■ To do ■
Filter the data below, keeping only lines that contain "Blue".

Extracted data entries:
== Segment start ==
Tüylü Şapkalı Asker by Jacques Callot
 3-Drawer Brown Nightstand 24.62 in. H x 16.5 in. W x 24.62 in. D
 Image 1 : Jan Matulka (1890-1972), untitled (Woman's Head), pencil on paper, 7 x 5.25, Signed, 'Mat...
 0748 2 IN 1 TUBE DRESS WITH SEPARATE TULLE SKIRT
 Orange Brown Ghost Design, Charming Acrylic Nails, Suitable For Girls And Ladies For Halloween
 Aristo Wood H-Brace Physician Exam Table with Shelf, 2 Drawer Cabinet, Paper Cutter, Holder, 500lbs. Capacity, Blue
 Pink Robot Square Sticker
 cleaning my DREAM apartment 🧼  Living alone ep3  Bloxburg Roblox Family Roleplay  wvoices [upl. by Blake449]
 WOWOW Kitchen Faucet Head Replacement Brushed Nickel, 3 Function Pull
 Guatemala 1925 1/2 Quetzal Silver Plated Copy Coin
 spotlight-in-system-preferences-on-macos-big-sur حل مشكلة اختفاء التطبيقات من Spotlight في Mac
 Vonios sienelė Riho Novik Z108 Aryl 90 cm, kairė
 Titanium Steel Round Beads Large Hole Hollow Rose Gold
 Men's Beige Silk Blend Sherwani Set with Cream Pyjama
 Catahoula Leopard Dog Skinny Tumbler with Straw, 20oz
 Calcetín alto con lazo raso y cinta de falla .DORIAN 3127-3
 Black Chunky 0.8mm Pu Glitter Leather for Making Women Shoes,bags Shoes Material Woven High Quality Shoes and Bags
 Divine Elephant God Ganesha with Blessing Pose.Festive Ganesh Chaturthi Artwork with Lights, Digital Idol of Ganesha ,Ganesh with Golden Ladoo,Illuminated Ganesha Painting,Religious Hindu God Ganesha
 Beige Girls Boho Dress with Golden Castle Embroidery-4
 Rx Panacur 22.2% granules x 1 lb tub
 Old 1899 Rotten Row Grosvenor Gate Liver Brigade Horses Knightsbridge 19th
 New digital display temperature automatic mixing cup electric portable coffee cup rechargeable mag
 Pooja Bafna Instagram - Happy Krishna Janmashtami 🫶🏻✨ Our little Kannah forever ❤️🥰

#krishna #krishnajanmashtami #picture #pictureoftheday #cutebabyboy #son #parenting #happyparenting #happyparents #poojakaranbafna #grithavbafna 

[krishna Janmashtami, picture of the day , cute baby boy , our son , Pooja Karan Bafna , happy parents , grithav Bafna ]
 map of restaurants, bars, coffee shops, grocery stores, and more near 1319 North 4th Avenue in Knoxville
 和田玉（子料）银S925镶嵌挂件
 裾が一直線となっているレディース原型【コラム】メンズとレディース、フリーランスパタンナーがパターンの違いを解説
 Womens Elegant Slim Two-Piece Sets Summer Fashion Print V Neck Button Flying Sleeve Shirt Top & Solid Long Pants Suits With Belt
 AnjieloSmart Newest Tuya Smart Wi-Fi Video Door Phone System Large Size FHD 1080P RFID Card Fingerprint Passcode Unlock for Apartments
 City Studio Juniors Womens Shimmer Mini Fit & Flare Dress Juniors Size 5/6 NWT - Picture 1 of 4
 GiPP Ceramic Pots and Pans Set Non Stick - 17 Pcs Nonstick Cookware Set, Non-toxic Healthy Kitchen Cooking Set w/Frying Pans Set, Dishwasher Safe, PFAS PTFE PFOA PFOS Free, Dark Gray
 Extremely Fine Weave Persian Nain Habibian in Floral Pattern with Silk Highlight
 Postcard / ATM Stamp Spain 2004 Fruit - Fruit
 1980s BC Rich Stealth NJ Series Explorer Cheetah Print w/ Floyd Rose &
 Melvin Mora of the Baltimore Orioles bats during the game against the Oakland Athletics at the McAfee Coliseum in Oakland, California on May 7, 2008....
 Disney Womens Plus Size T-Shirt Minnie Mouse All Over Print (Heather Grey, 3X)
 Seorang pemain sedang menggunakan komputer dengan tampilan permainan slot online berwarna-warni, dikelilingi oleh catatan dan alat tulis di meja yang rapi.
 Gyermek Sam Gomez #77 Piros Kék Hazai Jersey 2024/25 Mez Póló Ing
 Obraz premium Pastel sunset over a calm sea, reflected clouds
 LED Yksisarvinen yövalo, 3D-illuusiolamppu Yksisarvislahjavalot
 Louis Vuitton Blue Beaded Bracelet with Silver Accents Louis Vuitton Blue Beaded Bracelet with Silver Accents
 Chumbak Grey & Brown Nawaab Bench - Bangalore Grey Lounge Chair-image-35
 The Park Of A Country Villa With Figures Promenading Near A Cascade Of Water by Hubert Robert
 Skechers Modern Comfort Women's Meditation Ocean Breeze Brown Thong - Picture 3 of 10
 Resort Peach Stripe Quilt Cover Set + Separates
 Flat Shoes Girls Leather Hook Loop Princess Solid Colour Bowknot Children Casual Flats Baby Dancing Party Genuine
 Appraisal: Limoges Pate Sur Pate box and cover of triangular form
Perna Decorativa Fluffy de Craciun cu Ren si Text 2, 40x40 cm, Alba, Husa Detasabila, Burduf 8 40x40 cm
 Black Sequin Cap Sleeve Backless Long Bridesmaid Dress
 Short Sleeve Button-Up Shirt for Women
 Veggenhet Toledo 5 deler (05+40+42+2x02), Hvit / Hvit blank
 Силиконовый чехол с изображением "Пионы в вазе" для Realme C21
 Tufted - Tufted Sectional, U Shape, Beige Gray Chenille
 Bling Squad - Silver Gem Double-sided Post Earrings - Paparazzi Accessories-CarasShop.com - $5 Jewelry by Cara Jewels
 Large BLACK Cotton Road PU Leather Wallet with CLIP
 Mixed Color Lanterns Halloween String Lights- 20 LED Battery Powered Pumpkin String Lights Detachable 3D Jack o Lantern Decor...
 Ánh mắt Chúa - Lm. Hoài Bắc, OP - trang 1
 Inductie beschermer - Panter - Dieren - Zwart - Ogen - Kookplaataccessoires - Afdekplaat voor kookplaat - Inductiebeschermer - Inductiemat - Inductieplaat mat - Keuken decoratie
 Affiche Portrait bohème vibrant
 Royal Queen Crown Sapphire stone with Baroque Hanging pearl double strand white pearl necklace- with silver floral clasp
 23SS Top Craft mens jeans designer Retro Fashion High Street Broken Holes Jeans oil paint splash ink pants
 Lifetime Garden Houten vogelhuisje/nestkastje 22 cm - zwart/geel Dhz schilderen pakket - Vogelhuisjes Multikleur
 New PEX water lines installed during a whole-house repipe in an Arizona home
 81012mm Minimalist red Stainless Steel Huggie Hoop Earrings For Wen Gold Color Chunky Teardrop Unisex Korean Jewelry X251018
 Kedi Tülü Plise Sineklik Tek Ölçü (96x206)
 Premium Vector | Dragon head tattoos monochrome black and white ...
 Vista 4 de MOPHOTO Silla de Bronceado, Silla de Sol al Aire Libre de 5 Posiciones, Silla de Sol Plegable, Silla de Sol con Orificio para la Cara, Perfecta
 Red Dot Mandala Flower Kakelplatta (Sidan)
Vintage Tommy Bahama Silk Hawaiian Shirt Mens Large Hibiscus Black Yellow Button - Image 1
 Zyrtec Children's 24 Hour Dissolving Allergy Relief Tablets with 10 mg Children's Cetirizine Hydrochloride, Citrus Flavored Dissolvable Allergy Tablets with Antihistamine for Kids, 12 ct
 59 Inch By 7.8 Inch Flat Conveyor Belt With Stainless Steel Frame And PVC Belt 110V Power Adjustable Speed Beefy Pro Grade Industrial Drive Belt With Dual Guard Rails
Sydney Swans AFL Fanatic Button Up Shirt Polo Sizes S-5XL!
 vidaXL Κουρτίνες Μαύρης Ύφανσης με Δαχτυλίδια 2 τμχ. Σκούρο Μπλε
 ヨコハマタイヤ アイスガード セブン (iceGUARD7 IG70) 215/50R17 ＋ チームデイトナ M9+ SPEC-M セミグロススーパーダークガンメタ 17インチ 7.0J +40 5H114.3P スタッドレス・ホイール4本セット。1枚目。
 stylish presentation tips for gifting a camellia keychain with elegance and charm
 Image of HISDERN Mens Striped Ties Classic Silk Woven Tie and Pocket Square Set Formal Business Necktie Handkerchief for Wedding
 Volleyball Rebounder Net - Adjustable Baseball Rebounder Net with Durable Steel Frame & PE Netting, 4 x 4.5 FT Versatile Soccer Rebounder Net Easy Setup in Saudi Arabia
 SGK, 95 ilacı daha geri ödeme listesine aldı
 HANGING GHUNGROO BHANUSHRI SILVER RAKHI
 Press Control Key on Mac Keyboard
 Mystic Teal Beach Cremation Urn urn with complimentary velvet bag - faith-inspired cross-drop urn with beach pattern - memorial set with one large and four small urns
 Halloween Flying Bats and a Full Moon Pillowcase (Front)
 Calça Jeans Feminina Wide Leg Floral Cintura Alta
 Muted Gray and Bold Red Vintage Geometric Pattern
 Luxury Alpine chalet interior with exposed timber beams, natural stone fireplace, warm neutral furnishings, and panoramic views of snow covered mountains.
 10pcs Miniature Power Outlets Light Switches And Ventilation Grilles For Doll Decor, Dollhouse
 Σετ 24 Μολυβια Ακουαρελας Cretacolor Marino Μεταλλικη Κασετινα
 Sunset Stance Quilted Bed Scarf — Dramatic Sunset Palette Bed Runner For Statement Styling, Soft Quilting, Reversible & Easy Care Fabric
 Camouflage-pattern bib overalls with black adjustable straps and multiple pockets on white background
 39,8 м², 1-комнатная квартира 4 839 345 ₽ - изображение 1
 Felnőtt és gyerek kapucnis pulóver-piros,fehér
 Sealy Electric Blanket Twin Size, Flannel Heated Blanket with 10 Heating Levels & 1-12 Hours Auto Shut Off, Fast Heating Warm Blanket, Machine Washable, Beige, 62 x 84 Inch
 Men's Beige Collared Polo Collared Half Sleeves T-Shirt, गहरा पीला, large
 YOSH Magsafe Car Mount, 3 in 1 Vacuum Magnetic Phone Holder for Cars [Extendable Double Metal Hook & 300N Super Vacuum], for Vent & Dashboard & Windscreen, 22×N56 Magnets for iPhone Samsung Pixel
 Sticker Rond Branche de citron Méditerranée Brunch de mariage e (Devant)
== Segment end ==
■ Task result ■
 Aristo Wood H-Brace Physician Exam Table with Shelf, 2 Drawer Cabinet, Paper Cutter, Holder, 500lbs. Capacity, Blue
 Louis Vuitton Blue Beaded Bracelet with Silver Accents Louis Vuitton Blue Beaded Bracelet with Silver Accents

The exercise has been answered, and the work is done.